• BRIEF: Locate the line containing "La alarmante ausencia" in the entries below, then retype it and every later line exactly, leaving out pictures.

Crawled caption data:
------------------------------------------------------------------------
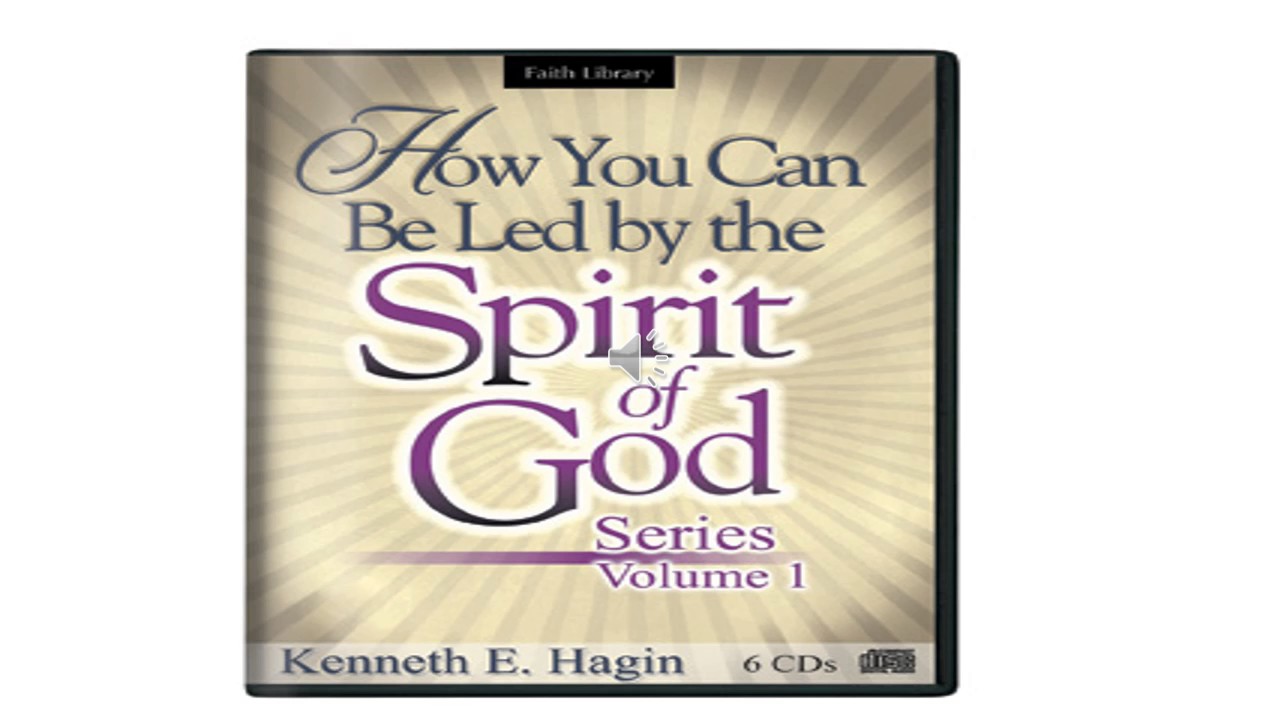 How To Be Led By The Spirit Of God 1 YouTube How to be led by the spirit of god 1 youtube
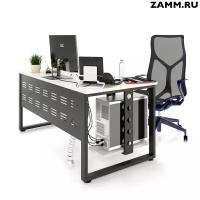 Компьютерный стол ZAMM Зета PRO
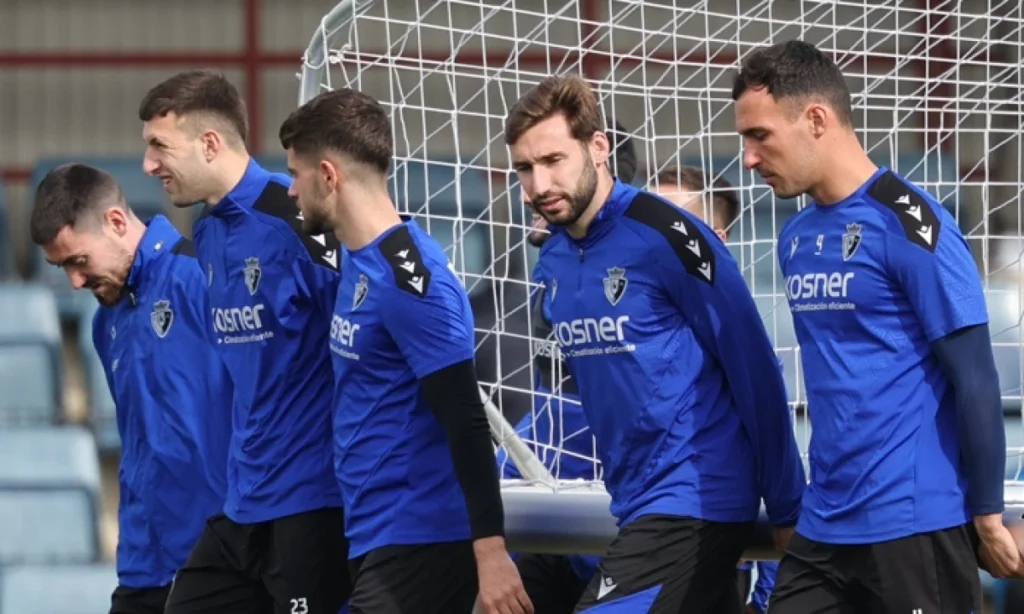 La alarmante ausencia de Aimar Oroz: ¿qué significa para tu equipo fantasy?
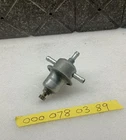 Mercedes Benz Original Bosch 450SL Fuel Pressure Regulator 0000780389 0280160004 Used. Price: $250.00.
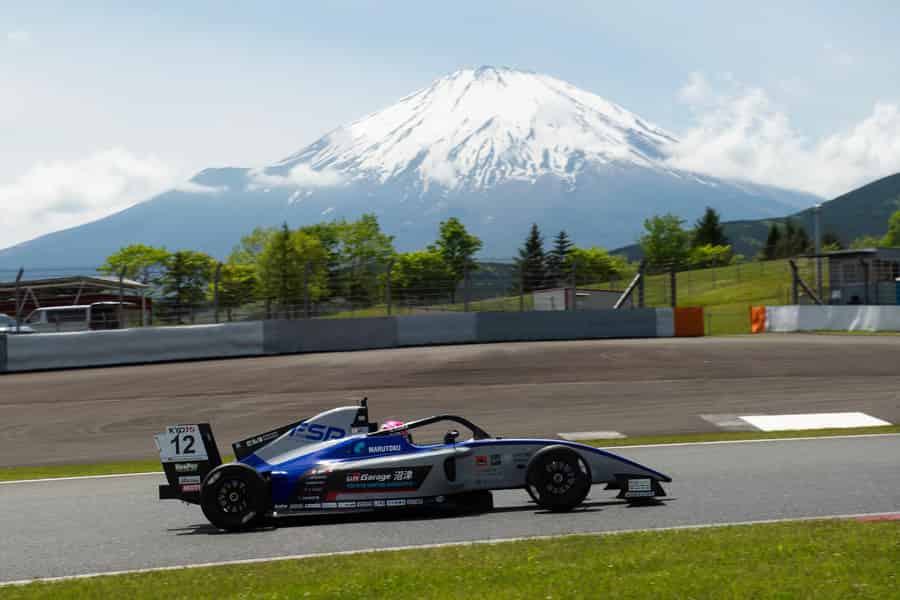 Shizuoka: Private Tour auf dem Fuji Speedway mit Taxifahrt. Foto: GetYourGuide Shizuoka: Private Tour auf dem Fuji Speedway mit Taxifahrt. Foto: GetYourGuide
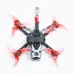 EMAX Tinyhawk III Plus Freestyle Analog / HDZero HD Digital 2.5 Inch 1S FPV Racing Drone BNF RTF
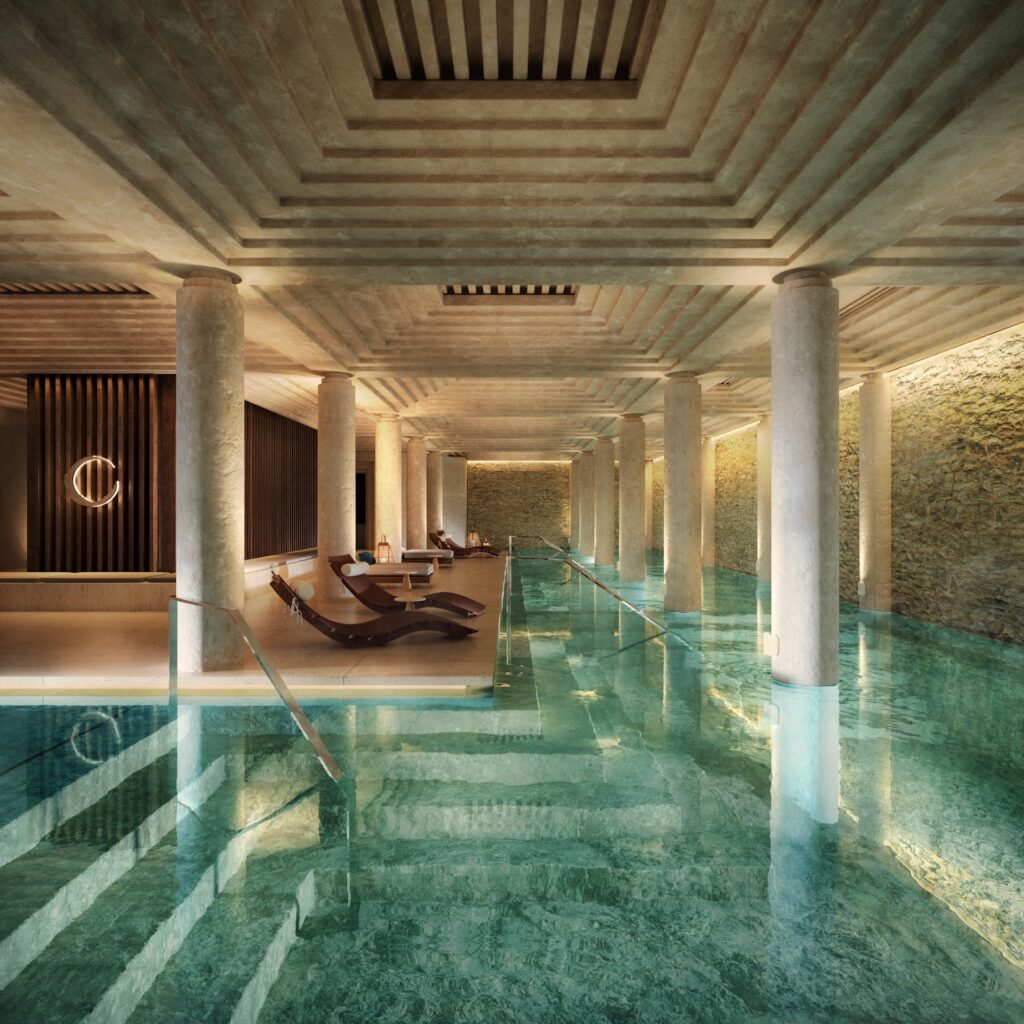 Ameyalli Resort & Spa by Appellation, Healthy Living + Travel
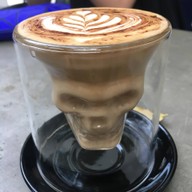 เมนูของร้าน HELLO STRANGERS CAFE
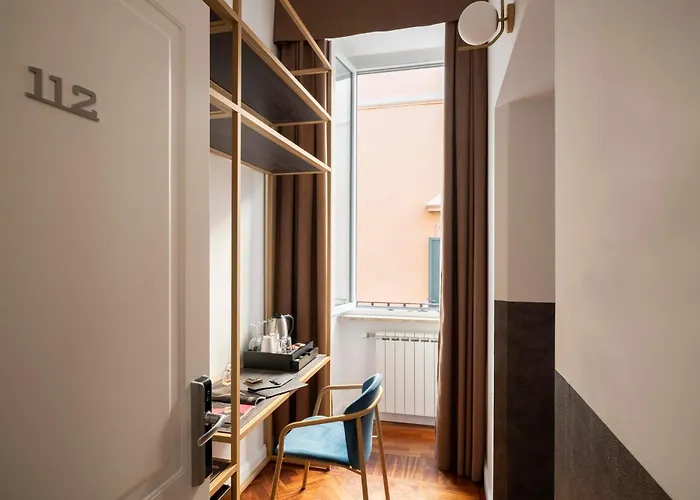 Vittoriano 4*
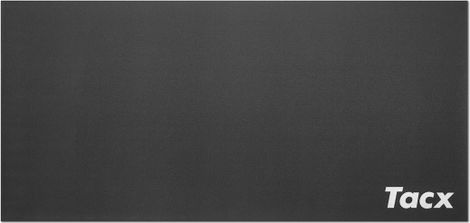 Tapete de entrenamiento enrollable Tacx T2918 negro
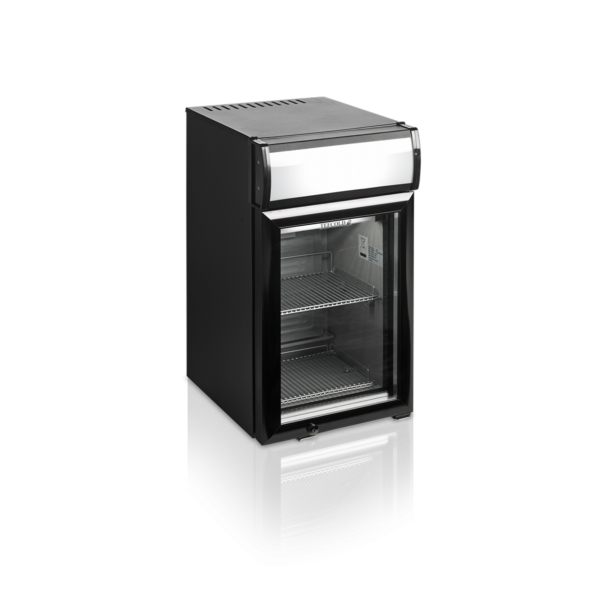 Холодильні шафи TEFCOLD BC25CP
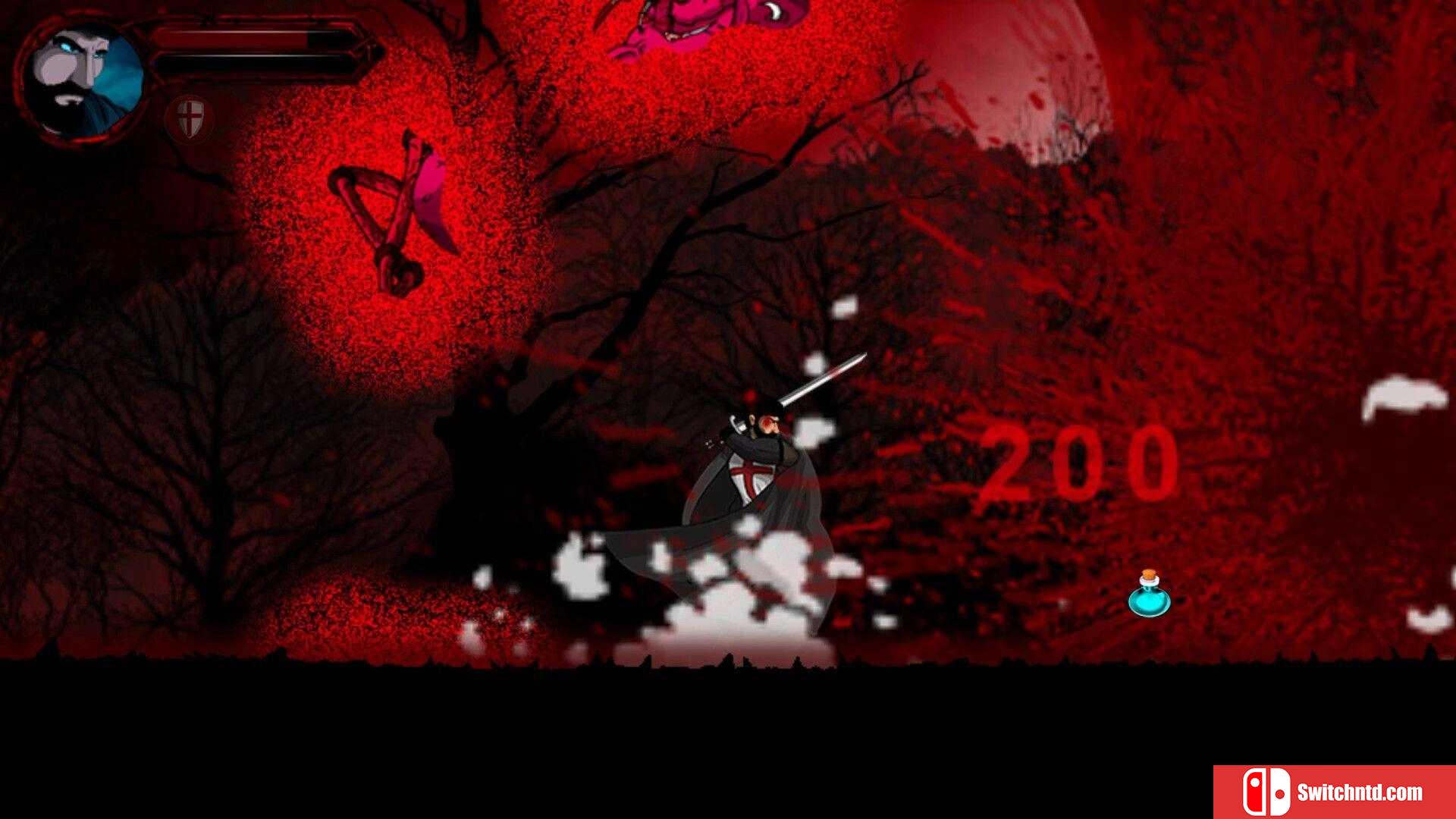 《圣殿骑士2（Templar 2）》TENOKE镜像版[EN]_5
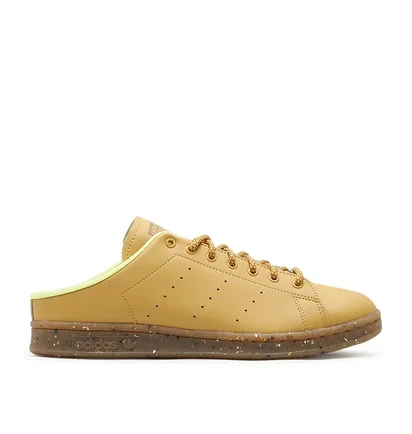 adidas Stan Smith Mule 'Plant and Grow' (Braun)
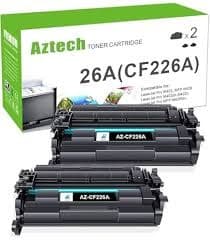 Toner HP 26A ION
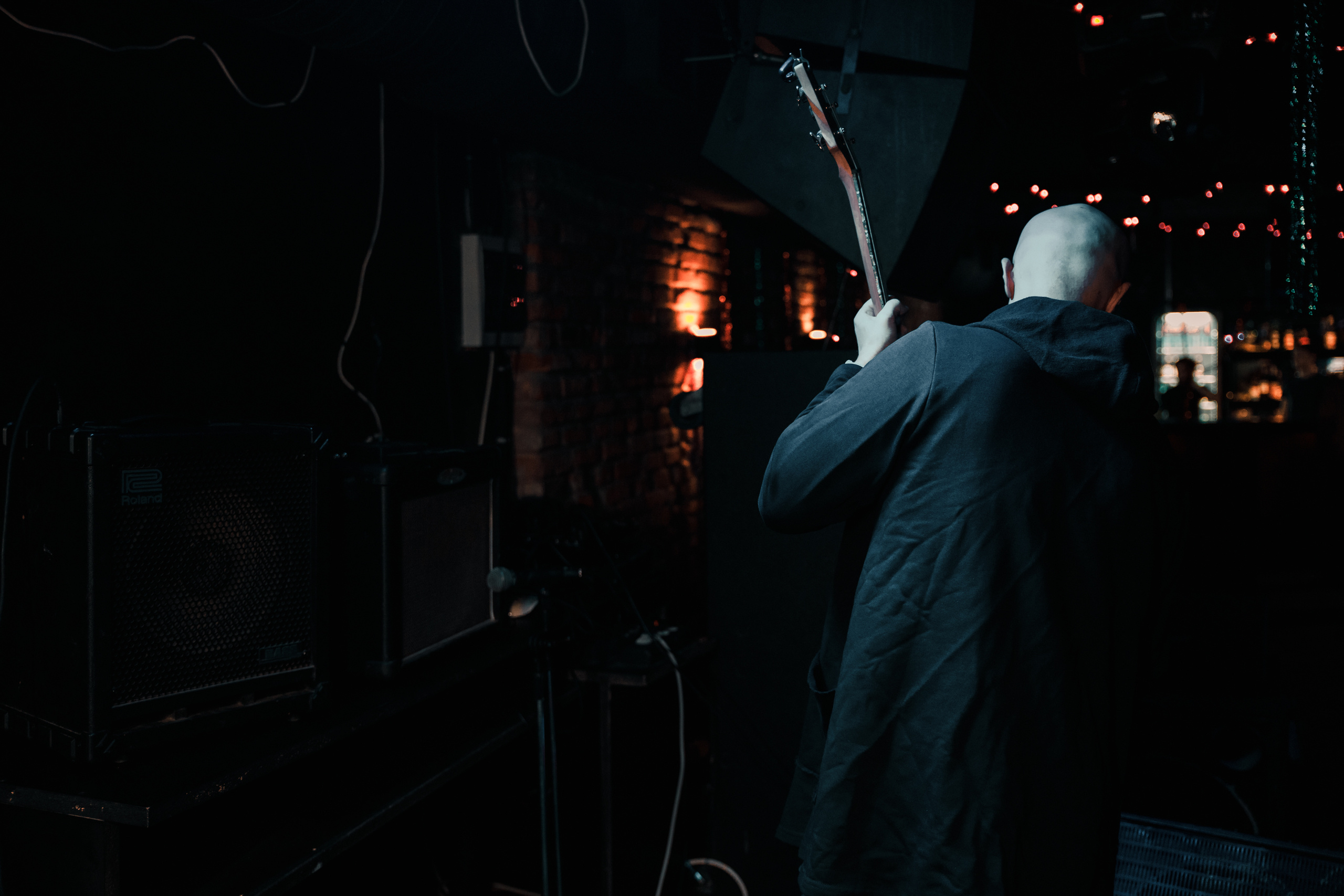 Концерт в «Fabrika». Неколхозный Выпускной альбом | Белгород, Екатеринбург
------------------------------------------------------------------------
• TASK RESULT:
 La alarmante ausencia de Aimar Oroz: ¿qué significa para tu equipo fantasy?
 Mercedes Benz Original Bosch 450SL Fuel Pressure Regulator 0000780389 0280160004 Used. Price: $250.00.
 Shizuoka: Private Tour auf dem Fuji Speedway mit Taxifahrt. Foto: GetYourGuide Shizuoka: Private Tour auf dem Fuji Speedway mit Taxifahrt. Foto: GetYourGuide
 EMAX Tinyhawk III Plus Freestyle Analog / HDZero HD Digital 2.5 Inch 1S FPV Racing Drone BNF RTF
 Ameyalli Resort & Spa by Appellation, Healthy Living + Travel
 เมนูของร้าน HELLO STRANGERS CAFE
 Vittoriano 4*
 Tapete de entrenamiento enrollable Tacx T2918 negro
 Холодильні шафи TEFCOLD BC25CP
 《圣殿骑士2（Templar 2）》TENOKE镜像版[EN]_5
 adidas Stan Smith Mule 'Plant and Grow' (Braun)
 Toner HP 26A ION
 Концерт в «Fabrika». Неколхозный Выпускной альбом | Белгород, Екатеринбург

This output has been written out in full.